Besides my personal cars, I was exposed to an entirely different world of vehicles: Fiats, Lancias, Alfa Romeos, Ferraris, Lamborghinis, and Maseratis, as well as the Citroens, Opels, Renaults and Minis from other parts of Europe.
In retrospect, this was probably the golden age of car design when the shackles of World War II were broken. It became a brave new world with automobile design: a period of experimentation with the old rules thrown away.
Being in a large urban centre, I relished the new car introductions, such as the iconic Lamborghini Muira or the classic Fiat 124 spider.
As a novice artist, I drew cars more than any other subject, probably because of what they seemed to represent: Freedom, movement, beauty, speed, and envy.
Over the years, I realized this was the classic car era – a period of style and mechanical innovation and have looked at this as an eternal area of inspiration.
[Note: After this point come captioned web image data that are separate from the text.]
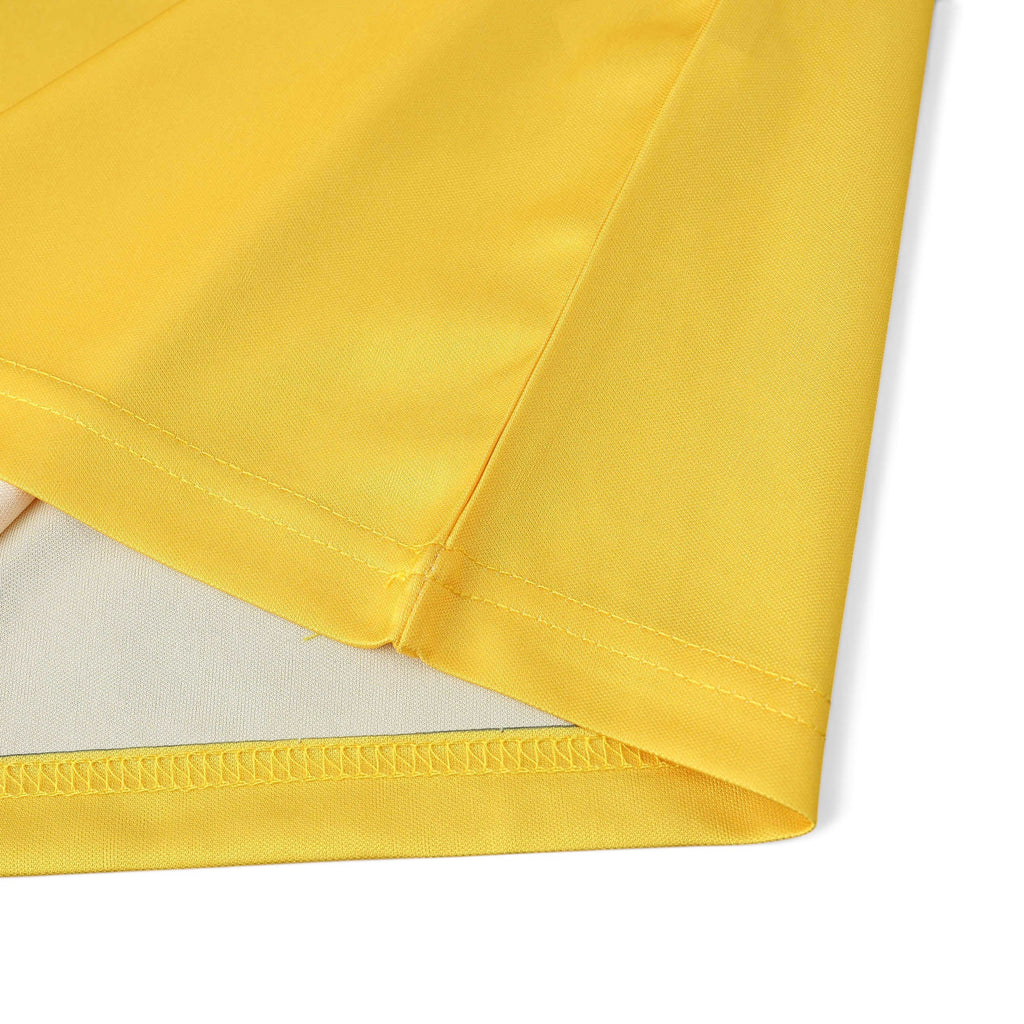 Close-up of the bright yellow fabric and hem stitching on an Elite Retro Kits Colombia 1990 home football shirt.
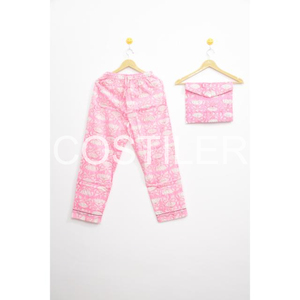 High Demanded Hand Block-Print Pure Cotton Floral Women's Long Sleeve Summer Sleep Lounge Wear Hand Printed Cotton Pyjama Set - Product Image 1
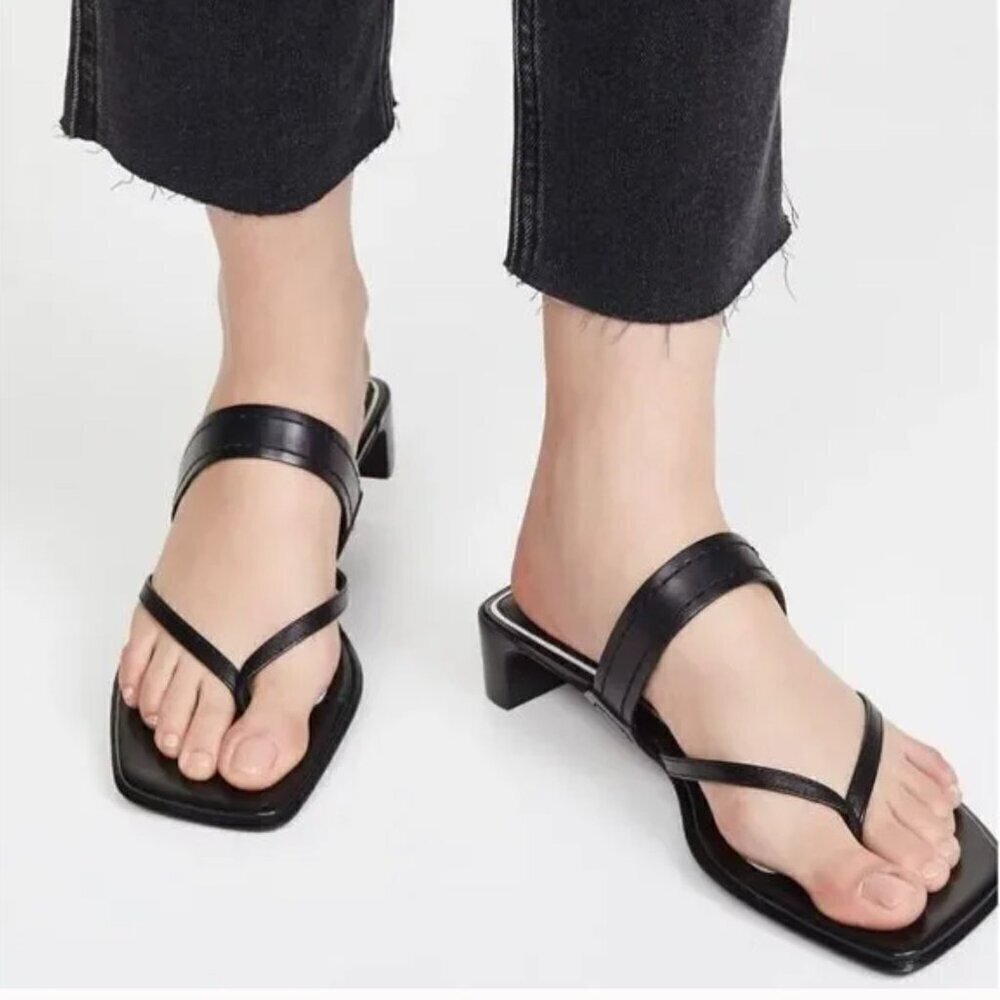 Rag & Bone Women's Colt Black Mid-Heel Sandal Size 9.5 Square Toe - Picture 16 of 16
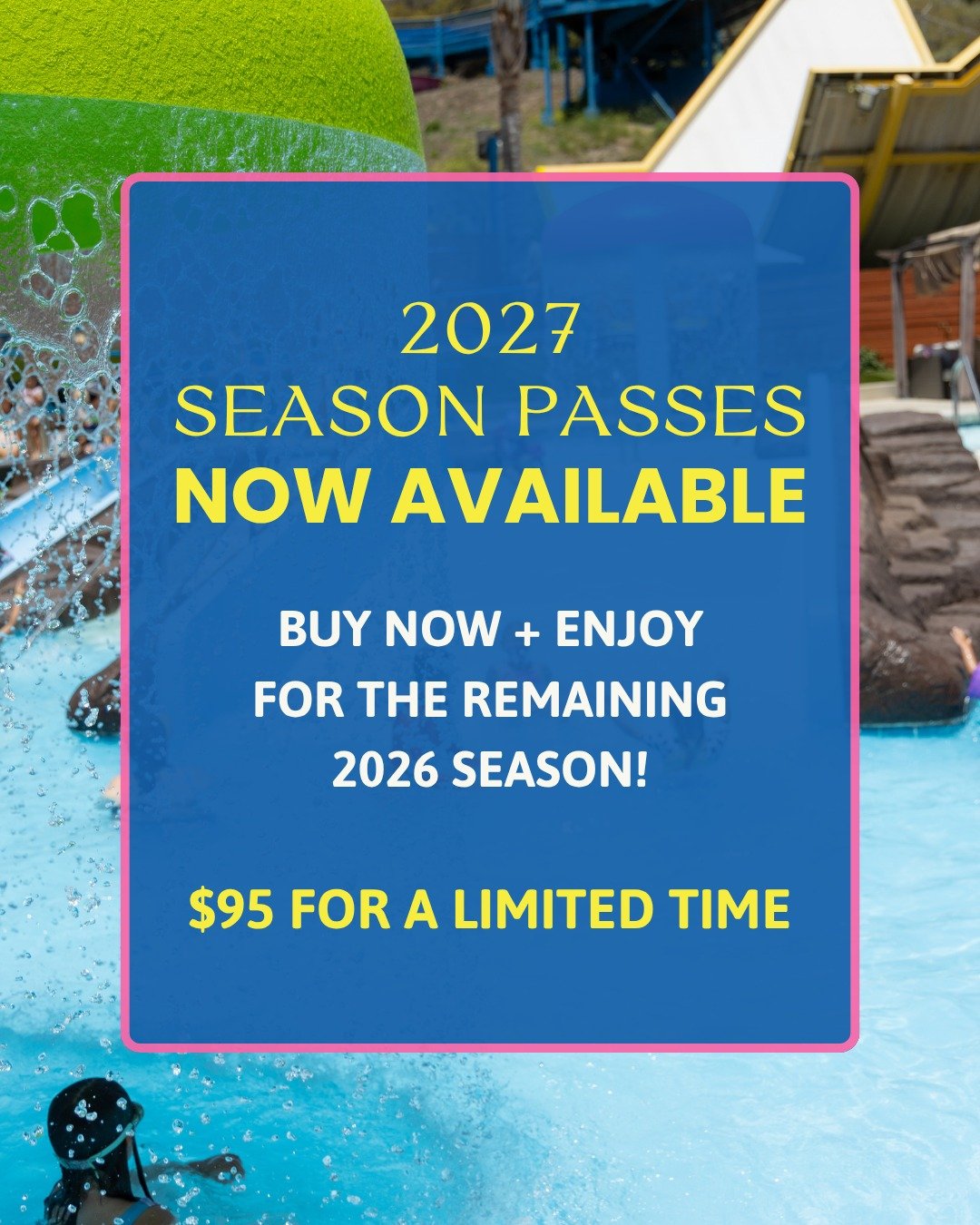 Don&rsquo;t let this deal slip away! Slide on over to our website &amp; buy your 2027 season passes at a discounted price &amp; use them for the remaining days of this summer! Do it now to avoid the stampede at the ticket booth! 😉

#mustangwaterpark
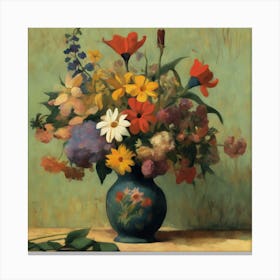 A Vase Of Flowers, Paul Gauguin 1 Canvas Print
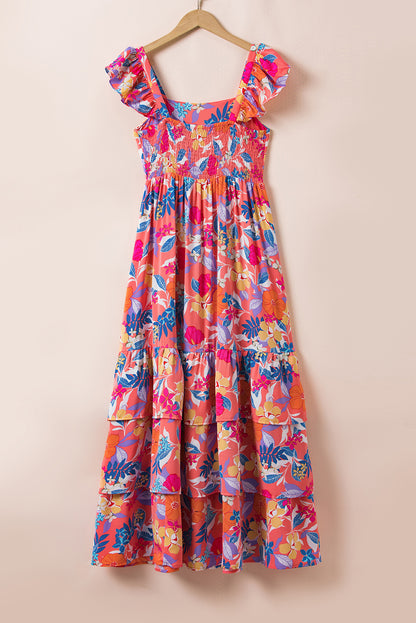 Roze mouwloze maxi-jurk met bloemenprint en ruches - PrizQ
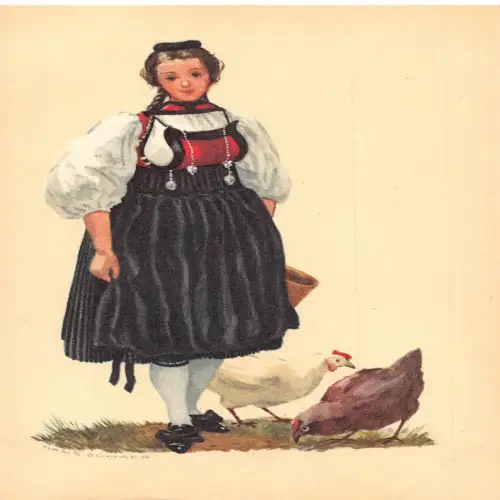 A715 Schweizer Tracht Bäuerin Huhn Kunst von Hans Schaer Postkarte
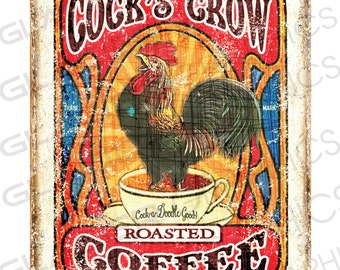 Vintage Coffee Sign Print Digital Download Country Farmhouse Printable Coffee Sign Country Scrapbook Rooster Coffee Prim Coffee  Sign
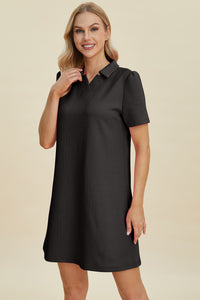 Full Size Texture Short Sleeve Dress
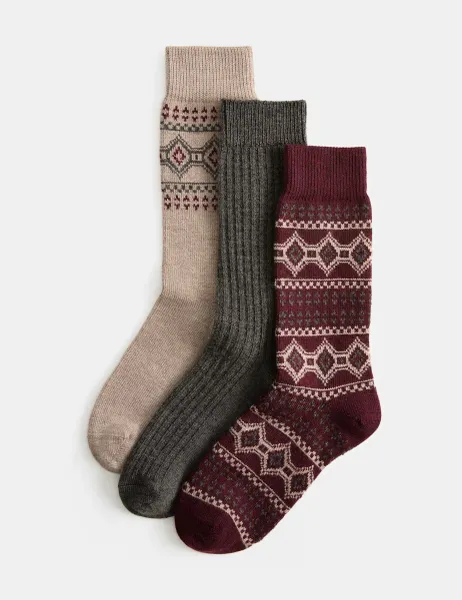 Marks & Spencer 3 Pack Patterned Socks with Wool Beige Mix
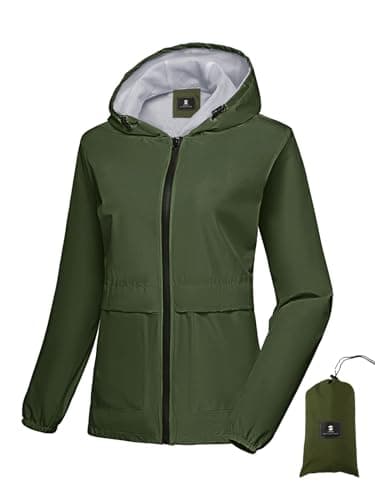 SaphiRose Lightweight Women's Waterproof Hooded Raincoat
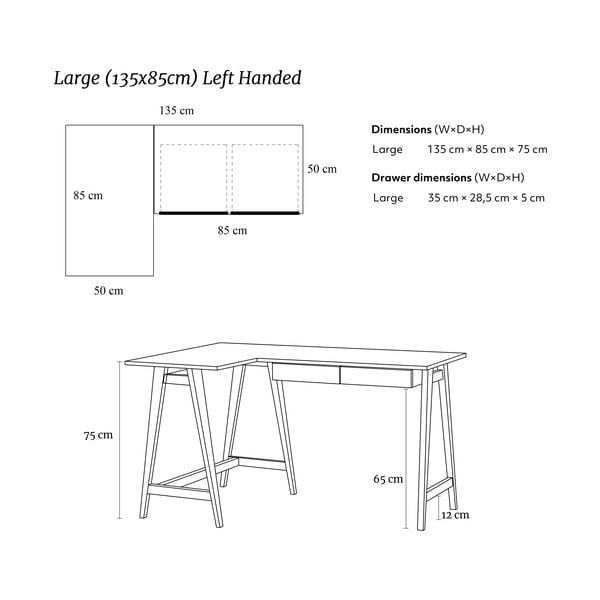 Darba galds 85x135 cm Luka - Ragaba-image-4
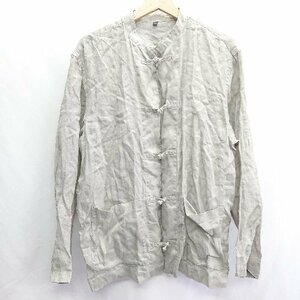 ◇ 無印良品 長袖 シャツ サイズL-XL グレー レディース E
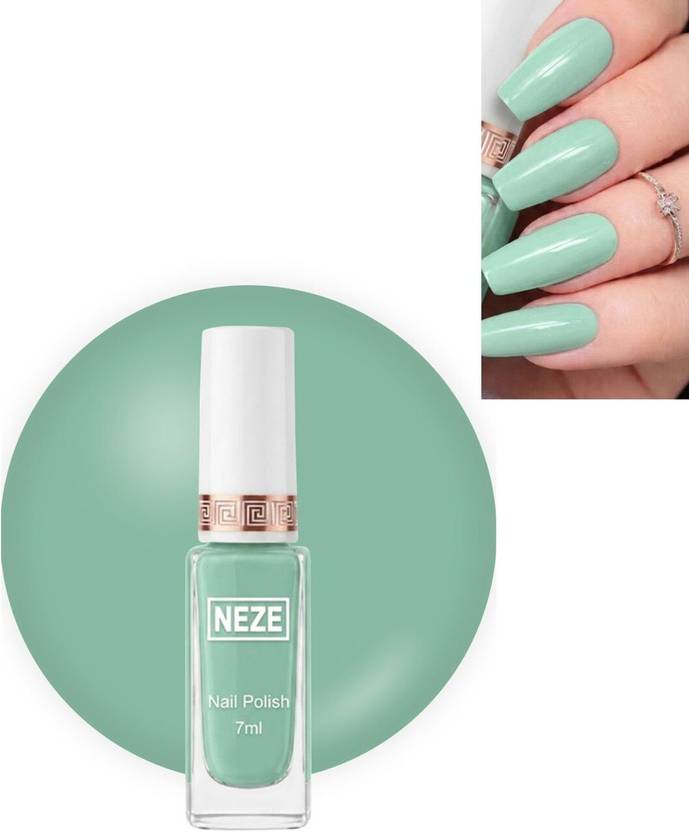 neze Mint green Nail Polish 7ml | Glossy Finish | Quick Dry Long Lasting Color Green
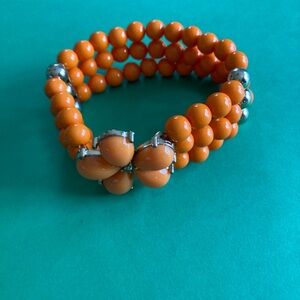 Vintage Statement Stretch Bracelet with Gold Color Accents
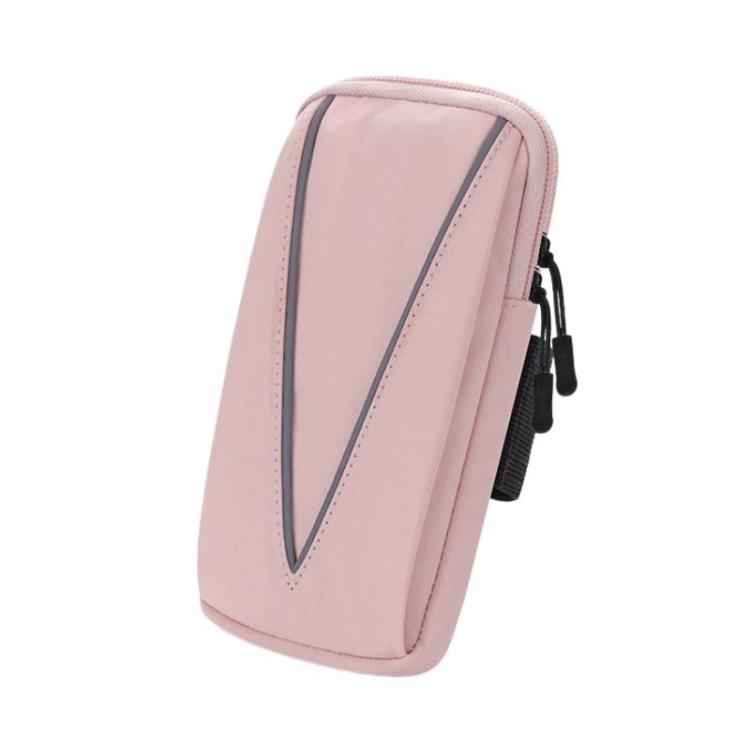Reflective running armband phone bag, pink with light reflective stripe, zip closure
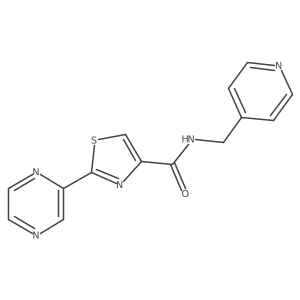 2-(pyrazin-2-yl)-N-(pyridin-4-ylmethyl)thiazole-4-carboxamide结构式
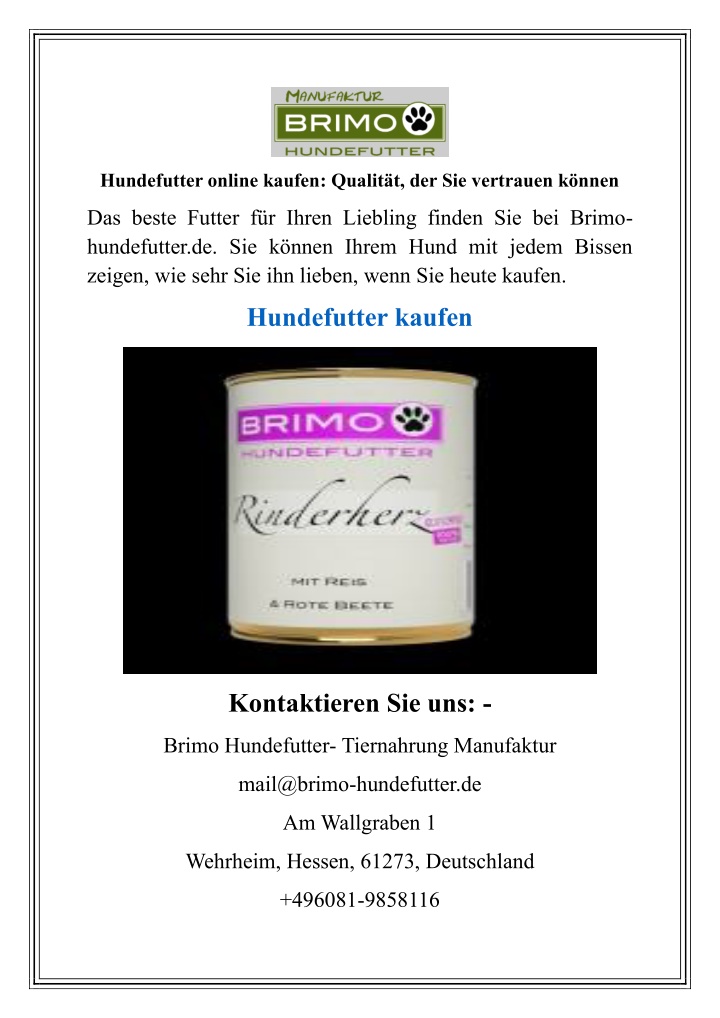 hundefutter online kaufen qualit n.w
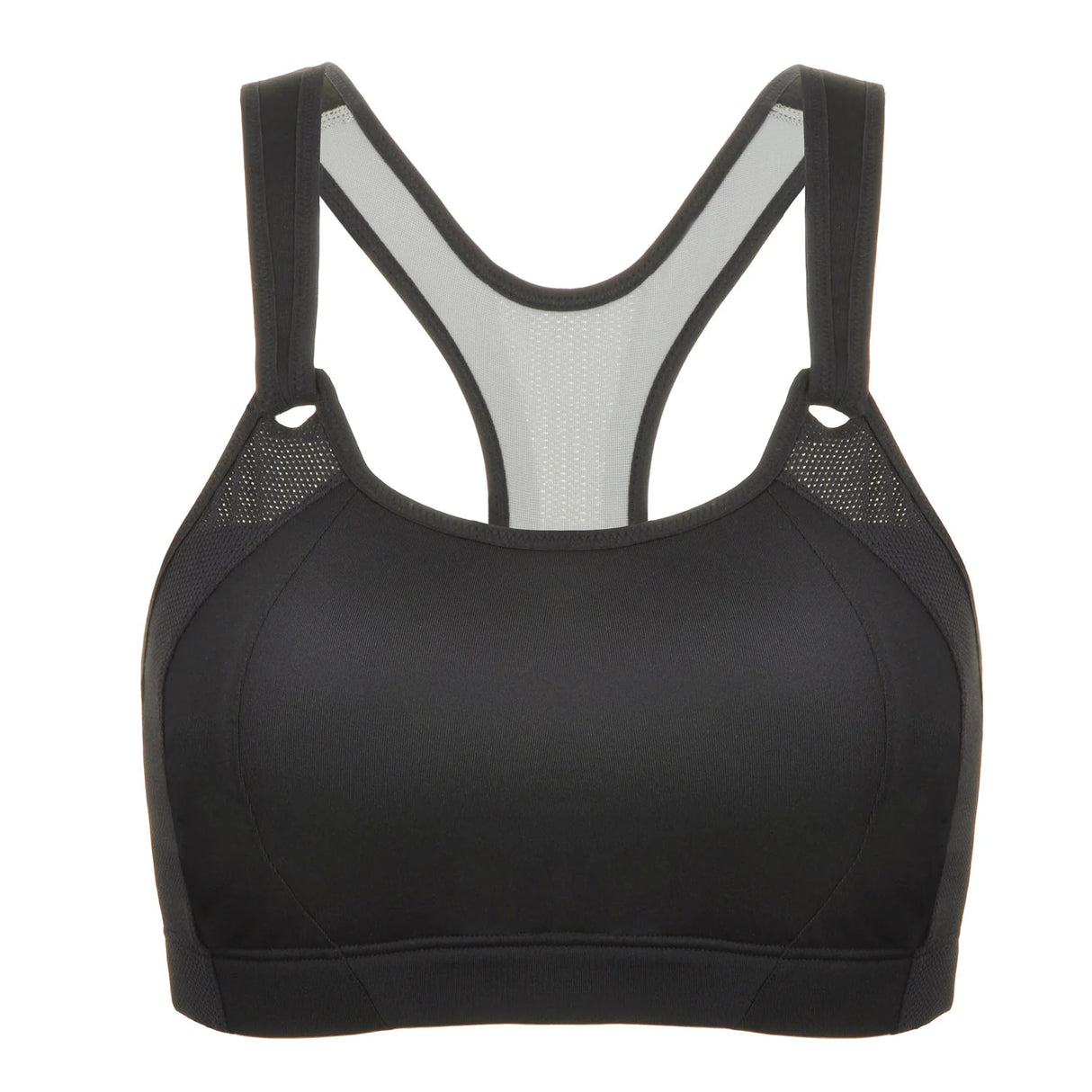 High Impact Mesh Insert Wireless Running Bra - Black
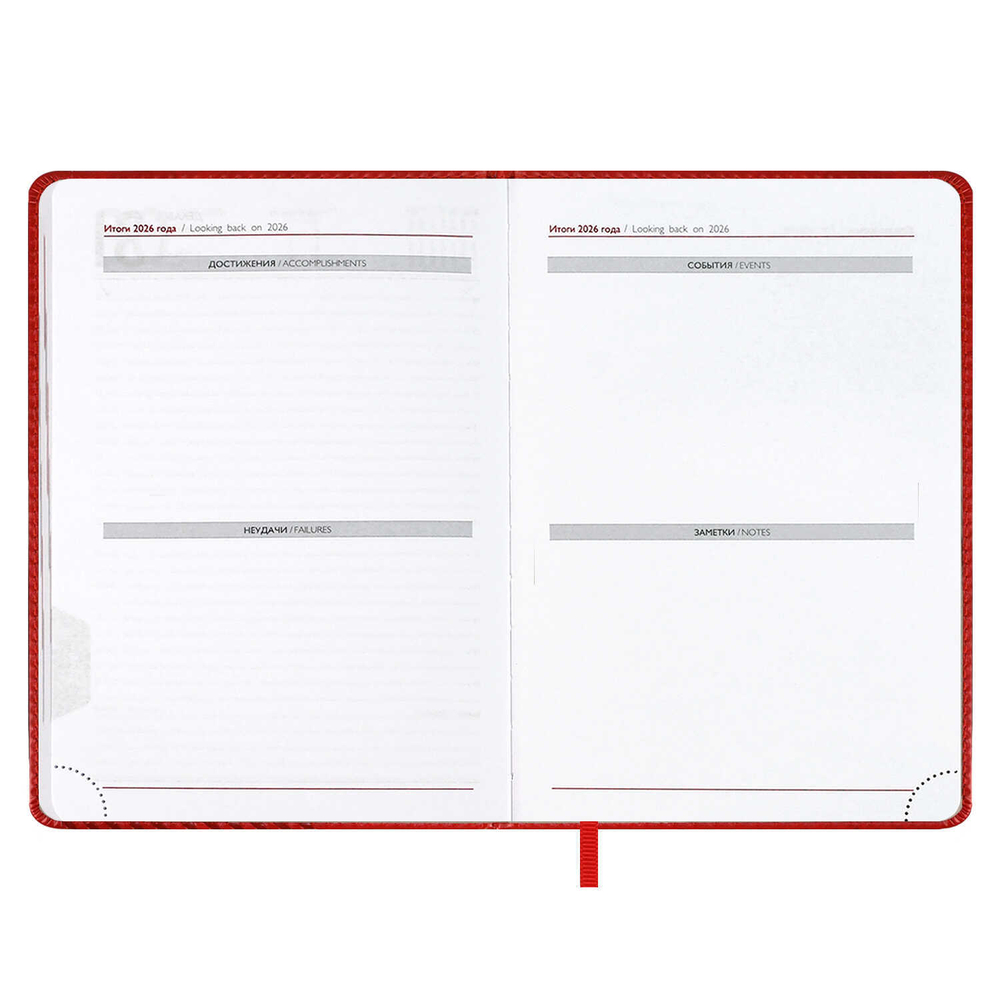 Ежедневник датированный 2026 ESCALADA, А5, 176 л., арт. 70222/ 15 САРИФ КРАСНЫЙ (кожзам: 146x211 мм, твёрдый переплёт с поролоном, материал обложки: искусственная кожа "Сариф"; декор: блинтовое тиснение; способ крепления блока: ниткошвейный; вн. блок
Over the last few decades, I got away from my car art but not my interest in classic cars. I would see a great car in the street and think, I have to paint that!
Enter the Classic Car inspiration!
Several years ago, Al Hentsch, a middle school buddy of mine, contacted me. In Rome, he and I used to hang out together, bicycling everywhere and playing slot cars.
His father had what I thought was the best car ever – a mid-’60s ASA 1000 GT coupe.
Though it was only a two-seater, his father would stuff the two of us in the passenger seat and give us quite the thrill of driving around the winding streets of suburban Rome.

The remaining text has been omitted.